Eine weitere Information, die mir den Appetit verdorben hat, betrifft die Kartoffeln. Anscheinend besteht McDonald’s darauf, dass ihre Fritten aus einer bestimmten Sorte hergestellt werden, die leider sehr anfällig für Schädlingsbefall ist. Aus diesem Grund bringen die Farmer jedes Jahr Pestizide auf, die so giftig sind, dass die Bewohner mehrere Tage lang ihre Häuser nicht verlassen können, bis sich die Dämpfe gelegt haben. Nach der Ernte müssen die Kartoffeln dann eine Weile in speziellen Silos ausgasen, bevor sie ausgeliefert werden.
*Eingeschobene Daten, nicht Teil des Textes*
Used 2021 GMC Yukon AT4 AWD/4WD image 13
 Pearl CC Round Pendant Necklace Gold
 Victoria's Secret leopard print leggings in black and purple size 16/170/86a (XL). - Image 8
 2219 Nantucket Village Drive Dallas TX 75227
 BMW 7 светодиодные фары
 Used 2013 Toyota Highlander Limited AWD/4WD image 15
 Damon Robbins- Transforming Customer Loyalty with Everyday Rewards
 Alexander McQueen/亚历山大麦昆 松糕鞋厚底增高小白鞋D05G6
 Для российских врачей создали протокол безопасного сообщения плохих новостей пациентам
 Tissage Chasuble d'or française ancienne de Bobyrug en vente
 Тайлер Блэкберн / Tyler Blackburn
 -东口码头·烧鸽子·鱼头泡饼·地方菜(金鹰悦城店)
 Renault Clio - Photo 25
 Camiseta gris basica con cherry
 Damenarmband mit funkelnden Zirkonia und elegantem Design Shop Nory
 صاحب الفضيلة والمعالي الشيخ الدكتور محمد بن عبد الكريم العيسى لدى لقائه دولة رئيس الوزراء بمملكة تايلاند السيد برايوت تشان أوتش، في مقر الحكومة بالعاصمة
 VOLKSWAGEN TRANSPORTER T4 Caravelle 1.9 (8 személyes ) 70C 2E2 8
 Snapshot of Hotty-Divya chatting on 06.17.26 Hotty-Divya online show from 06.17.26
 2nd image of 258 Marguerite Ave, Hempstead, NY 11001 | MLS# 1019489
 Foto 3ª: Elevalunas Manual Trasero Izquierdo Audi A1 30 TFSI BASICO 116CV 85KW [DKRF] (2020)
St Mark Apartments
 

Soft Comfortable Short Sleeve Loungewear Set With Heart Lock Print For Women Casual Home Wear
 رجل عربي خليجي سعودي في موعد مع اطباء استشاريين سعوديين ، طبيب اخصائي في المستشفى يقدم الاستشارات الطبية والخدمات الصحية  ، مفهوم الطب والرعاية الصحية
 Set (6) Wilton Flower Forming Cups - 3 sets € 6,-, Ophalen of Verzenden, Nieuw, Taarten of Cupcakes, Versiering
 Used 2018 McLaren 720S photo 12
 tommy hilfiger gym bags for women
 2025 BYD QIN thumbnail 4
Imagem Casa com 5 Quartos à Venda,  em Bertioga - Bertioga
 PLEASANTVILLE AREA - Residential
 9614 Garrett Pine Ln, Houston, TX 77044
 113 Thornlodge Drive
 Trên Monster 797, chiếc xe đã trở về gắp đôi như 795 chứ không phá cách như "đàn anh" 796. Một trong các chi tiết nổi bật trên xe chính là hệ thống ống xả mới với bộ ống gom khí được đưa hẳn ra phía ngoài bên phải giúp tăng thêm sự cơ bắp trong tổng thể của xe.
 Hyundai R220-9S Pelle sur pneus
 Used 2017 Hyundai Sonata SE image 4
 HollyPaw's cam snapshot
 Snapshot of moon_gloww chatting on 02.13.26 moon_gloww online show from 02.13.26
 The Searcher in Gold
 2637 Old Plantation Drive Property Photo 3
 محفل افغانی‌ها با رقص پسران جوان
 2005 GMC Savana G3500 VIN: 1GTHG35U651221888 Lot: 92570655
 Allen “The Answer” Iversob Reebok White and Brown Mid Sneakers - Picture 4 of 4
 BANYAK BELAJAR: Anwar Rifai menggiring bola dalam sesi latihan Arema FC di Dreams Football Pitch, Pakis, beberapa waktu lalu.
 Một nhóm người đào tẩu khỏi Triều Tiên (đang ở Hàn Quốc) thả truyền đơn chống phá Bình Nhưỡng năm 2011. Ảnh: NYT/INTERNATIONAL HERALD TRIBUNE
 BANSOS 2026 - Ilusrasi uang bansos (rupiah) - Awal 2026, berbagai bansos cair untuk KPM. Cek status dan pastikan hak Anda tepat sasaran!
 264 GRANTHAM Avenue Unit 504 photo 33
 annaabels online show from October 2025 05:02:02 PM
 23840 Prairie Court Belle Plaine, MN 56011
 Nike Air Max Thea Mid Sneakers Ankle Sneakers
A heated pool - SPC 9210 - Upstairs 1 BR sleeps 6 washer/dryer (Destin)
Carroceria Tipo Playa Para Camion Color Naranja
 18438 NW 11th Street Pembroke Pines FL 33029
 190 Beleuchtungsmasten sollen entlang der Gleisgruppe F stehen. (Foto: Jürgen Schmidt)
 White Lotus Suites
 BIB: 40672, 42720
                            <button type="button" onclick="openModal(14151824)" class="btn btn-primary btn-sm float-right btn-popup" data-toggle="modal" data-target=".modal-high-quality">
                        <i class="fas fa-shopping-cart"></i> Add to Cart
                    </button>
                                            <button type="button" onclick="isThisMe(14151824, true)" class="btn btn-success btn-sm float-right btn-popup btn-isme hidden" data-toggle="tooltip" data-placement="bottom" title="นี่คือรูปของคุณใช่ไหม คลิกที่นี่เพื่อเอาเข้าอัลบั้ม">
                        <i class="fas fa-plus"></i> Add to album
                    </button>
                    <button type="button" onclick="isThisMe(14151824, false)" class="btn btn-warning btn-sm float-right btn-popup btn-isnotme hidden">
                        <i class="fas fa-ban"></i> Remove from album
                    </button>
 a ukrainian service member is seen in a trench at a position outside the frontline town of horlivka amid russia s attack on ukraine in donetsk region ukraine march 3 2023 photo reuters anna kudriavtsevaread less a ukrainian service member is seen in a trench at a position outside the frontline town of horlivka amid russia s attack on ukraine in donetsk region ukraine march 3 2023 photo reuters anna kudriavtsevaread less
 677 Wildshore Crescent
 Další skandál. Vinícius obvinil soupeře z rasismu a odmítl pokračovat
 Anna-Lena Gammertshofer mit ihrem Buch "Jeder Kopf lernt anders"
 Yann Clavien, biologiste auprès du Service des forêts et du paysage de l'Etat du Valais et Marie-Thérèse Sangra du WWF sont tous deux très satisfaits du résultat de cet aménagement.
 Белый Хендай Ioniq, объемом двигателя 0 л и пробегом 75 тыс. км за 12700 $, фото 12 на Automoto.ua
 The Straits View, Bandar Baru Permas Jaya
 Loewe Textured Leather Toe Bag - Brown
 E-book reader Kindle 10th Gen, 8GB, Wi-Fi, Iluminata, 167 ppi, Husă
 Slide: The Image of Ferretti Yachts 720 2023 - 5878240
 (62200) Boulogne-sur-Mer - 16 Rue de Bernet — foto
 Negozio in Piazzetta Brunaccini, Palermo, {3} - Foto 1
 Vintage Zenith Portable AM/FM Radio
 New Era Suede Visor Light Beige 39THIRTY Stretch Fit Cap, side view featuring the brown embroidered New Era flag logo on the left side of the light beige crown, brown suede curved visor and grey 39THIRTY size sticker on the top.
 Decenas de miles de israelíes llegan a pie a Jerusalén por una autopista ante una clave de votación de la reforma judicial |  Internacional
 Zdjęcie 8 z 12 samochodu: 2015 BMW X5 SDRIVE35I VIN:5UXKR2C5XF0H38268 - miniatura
Ein weiterer Grund für mich, einen weiten Bogen um die Burger-Bräter zu machen, ist das Geschäftsmodell, nach dem alle Gerichte zubereitet und dann warm gehalten werden. Gerade bei Burgern ist das, meiner Meinung nach, keine gute Idee und führt außerdem dazu, dass unverkaufte Ware nach einer gewissen Zeit weggeworfen wird.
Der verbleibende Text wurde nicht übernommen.